There is currently a large and growing requirement for NF3 in semiconductor manufacturing. One of the early processes for producing NF3 involves the direct fluorination of ammonium ions by F2 whereby gaseous F2 is contacted with liquid (molten) ammonium acid fluoride (AAF) while gaseous NH3 is separately contacted with the liquid AAF to generate ammonium ions. The early processes are operated to maintain a molar ratio of by-product HF to ammonia of 2.0 to 2.5 (melt ratio) in the reaction liquid and at temperatures above the melting point of ammonium bifluoride, NH4HF2, which is 127° C. Later processes for producing NF3 effect the direct fluorination of ammonium bifluoride using increased HF/NH3 melt ratios. These later processes resulted in superior NF3 yields than when the lower melt ratio processes were used.
Purification of the NF3 reaction product formed by the direct fluorination of ammonium bifluoride involves the removal of unreacted or unconverted F2, as well as the byproducts HF, N2, and trace levels of N2F2, and N2O. Conventional practice in prior purification processes effects the removal of excess F2 and co-product HF by aqueous KOH scrubbing followed by removal of trace levels of nitrogen oxides and water present in the stream using a solid molecular sieve adsorbent. Finally, the NF3 is further purified using distillation.
The following patents and articles describe processes for production and purification of NF3.
U.S. Pat. No. 4,091,081 discloses a process for the production of NF3 by the direct fluorination of ammonium bifluoride at temperatures above 260° F. and below 400° F. An HF/NH3 ratio of 2 to 2.5 is maintained. Purification is effected by passing the reaction product through a mist eliminator pad and then through an aqueous KOH scrubber. Residual HF and unreacted F2 are removed in the scrubber. After scrubbing, the temperature of the stream is reduced to condense water and then the stream passed through molecular sieve driers for further purification.
U.S. Pat. No. 4,156,598 describes a process for the production NF3 by the direct fluorination of ammonium bifluoride. Purification of the gaseous reaction stream involves passing the gaseous reaction stream through a mist eliminator pad to remove entrained ammonium fluoride or bifluoride and then through a bath capable of forming a salt of HF and F2, e.g., an aqueous KOH bath. Alternatively, sodium fluoride is used in place of KOH, but F2 is not removed by this method. To extend the lifetime of the adsorber columns N2F2 is removed to a level below 0.03 volume percent before adsorption of N2O and water.
U.S. Pat. No. 4,543,242 describes a process for the production and purification of NF3. NF3 is purified by removing HF by condensation. Further purification of NF3 is accomplished by wet scrubbing of NF3 using aqueous KOH followed by treatment using a molecular sieve.

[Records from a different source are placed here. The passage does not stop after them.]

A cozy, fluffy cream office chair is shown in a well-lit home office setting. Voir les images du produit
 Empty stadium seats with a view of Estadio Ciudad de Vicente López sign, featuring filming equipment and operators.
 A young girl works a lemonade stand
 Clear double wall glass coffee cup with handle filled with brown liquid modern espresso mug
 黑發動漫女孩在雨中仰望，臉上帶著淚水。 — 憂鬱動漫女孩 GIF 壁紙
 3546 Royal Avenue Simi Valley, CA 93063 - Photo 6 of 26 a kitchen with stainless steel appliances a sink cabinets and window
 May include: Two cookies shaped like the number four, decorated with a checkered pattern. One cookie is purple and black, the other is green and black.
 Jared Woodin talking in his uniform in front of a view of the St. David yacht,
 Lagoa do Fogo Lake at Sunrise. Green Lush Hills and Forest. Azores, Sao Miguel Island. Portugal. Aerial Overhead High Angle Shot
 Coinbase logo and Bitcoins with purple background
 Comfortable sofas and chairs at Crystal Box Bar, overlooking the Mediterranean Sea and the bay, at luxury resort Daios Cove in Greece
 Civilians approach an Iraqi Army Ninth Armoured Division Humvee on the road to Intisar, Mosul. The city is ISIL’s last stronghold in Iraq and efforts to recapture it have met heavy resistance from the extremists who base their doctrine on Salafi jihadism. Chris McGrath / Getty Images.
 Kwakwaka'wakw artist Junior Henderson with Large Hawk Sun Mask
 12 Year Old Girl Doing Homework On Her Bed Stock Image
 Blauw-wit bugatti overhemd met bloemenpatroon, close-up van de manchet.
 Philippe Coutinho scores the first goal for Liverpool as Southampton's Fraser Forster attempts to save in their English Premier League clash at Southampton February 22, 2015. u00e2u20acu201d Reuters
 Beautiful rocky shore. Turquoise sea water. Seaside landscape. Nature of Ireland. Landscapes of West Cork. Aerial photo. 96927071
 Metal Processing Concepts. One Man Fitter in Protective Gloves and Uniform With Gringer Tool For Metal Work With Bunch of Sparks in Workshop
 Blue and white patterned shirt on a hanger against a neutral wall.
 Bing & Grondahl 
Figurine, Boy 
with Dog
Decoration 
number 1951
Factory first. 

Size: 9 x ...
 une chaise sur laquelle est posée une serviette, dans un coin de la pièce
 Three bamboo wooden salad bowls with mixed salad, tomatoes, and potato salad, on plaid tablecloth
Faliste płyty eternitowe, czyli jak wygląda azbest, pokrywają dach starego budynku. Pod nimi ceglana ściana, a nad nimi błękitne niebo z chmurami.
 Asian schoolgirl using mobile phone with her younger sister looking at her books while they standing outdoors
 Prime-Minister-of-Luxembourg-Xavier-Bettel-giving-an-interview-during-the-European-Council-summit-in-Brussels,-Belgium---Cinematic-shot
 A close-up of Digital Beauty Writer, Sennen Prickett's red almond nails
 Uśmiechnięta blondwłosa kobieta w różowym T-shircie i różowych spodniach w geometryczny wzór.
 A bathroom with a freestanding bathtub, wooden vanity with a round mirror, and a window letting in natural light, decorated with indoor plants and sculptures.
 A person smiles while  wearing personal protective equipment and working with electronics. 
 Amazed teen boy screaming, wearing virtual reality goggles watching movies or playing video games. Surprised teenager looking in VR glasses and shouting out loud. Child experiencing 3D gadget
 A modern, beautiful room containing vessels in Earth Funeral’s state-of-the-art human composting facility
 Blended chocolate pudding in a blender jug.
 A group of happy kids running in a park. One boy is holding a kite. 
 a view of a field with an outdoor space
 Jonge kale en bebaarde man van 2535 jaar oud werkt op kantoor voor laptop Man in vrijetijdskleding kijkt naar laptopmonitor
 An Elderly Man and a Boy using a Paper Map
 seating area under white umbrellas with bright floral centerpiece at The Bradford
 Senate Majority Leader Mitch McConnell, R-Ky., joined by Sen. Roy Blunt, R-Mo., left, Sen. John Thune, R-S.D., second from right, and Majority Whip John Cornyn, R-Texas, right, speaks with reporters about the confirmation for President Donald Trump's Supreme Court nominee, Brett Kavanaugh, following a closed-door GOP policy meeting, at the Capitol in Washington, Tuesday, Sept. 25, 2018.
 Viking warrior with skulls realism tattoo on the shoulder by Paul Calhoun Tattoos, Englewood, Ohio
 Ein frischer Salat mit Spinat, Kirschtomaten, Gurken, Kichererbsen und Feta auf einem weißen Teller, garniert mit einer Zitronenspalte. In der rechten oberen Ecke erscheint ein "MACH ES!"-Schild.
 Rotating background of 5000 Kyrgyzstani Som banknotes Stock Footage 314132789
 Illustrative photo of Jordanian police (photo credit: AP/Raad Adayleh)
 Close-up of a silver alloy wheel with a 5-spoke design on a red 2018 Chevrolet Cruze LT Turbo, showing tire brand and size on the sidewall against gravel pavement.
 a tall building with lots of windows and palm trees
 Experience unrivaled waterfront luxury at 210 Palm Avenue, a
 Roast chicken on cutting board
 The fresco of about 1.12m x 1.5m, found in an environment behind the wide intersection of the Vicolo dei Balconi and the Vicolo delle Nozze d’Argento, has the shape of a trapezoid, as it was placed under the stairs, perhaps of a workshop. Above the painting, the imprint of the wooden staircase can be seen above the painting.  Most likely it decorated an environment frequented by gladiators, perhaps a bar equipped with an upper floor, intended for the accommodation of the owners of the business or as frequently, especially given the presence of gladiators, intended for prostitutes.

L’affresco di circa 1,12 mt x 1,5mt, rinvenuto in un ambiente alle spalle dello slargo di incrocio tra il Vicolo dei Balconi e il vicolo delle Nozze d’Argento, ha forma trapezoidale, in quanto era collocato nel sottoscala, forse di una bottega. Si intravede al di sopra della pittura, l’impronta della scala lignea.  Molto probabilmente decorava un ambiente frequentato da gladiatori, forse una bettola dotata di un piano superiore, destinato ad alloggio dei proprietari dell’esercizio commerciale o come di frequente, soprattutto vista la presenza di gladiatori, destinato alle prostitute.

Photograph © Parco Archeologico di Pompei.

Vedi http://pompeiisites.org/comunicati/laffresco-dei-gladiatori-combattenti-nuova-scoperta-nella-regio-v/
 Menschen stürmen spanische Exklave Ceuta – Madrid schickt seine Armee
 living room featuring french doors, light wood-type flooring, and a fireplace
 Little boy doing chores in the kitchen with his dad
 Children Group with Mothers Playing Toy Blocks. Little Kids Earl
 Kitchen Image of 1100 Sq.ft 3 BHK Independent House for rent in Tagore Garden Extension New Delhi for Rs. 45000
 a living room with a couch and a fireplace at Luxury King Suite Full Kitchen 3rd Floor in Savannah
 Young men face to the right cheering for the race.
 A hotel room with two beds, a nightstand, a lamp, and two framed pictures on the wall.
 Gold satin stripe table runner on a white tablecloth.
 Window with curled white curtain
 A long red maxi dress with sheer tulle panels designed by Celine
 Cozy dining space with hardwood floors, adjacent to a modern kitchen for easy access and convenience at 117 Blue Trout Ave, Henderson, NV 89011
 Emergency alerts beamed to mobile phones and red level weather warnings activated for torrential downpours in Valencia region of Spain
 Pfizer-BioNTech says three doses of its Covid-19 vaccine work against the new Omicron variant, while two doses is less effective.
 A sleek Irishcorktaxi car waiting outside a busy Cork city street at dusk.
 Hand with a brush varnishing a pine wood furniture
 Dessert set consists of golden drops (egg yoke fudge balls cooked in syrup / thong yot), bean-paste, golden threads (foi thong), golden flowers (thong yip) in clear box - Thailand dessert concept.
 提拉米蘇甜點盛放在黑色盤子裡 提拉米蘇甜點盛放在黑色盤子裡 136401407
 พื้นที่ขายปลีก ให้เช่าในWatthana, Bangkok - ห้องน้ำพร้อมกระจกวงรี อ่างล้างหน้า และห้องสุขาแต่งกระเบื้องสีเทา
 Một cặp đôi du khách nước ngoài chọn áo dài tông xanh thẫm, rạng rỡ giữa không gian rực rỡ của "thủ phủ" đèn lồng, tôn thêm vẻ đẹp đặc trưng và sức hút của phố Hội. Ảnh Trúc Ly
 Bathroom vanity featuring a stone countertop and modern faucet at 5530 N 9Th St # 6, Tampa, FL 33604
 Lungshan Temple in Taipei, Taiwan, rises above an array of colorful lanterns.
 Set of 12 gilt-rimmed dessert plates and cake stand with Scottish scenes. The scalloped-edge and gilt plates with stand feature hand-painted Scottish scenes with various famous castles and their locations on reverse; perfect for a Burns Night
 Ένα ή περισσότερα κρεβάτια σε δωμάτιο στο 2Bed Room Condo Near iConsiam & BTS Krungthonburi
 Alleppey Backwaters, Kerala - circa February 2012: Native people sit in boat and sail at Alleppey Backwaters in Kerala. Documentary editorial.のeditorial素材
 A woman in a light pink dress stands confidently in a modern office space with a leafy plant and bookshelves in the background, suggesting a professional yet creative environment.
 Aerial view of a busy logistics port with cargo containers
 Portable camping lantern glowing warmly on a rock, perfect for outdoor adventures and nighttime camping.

U.S. Pat. No. 4,933,158 discloses a process for the purification of NF3 produced by various methods, including the direct fluorination of ammonium bifluoride. Removal of N2O, CO2, and N2F2 from an NF3 stream is accomplished by passing the stream through a thermally treated natural zeolite.
U.S. Pat. No. 4,980,144 describes a process for purification of NF3 containing hydrogen fluoride, and oxygen difluoride. In the described process, NF3 is generated under conditions such that OF2 is generated in amounts in excess of 700 ppm. Typically, the NF3 is generated by a process referred to as molten salt electrolysis wherein a salt comprised of ammonium fluoride and HF are electrolyzed. In the NF3 purification process, HF is removed first by contact with water or a caustic scrubber. Then, the OF2 present in the stream is removed to a level below about 10 ppm by contacting the gas with an aqueous solution of sodium thiosulfate, hydrogen iodide, and sodium sulfide. The NF3 stream is then passed through a zeolite molecular sieve to remove water.
U.S. Pat. No. 5,637,285 discloses the production or NF3 by the direct fluorination of ammonium bifluoride at a melt ratio of HF/NH3 of at least 2.55.